Now the regex uses alternation (the character |), which means or. That means the regex tests for {{UDA_x}} or descricao_x. In each, the digits are in parentheses, so each one forms a capture group.

Then just test which of the groups was captured. If it was group 1, it means that regex found an occurrence of {{UDA_x}}, and just exchange for descricao_$1. If it was Group 2, that means it was found descricao_x, and just exchange for {{UDA_$2}} (notice that I used $2, because now the digits are in the second capture group - since it is the second pair of parentheses of the regex).

If you want, you can still check if what you have before the template is "a name followed by two dots":

Matcher matcher = Pattern.compile("(?<=\\w+:)(?:\\{\\{UDA_(\\d+)\\}\\}|descricao_(\\d+))").matcher("");

I use a lookbehind, that only checks if something exists before, but that something is not part of the match, and is therefore not replaced. In this case, the lookbehind is (?<=\\w+:) (one or more letters/numbers/_, followed by two points).

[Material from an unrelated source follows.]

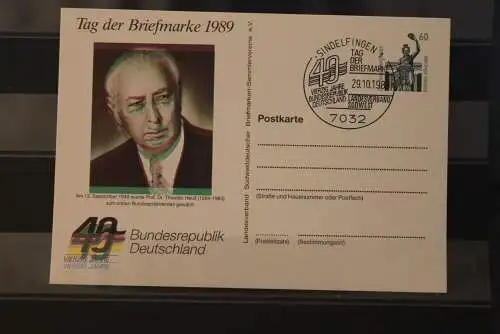 Deutschland 1989 Ganzsache Tag der Briefmarke; 40 Jahre BRD, Markante Druckverschiebung, Sonderstempel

Then I group the rest of the regex in parentheses, but so that it does not become a capture group (and interfere with the existing groups 1 and 2), I use (?:, which turns the parentheses into a catch group (that is, this pair of parentheses does not create the special variables, such as $1 and $2). So the rest of the code can remain the same, without having to change the number of groups.

That is, if you test this regex with the string "teste:{{UDA_1}}, teste2:descricao_2, {{UDA_3}}", the stretch {{UDA_3}} will not be replaced as it does not have a name (one or more letters, numbers or _) followed by : just before him.

If you want to be more specific, you can change the \\w+ for something like [a-zA-Z]+ (one or more letters of a to z, uppercase or lowercase). Adapt according to what you need.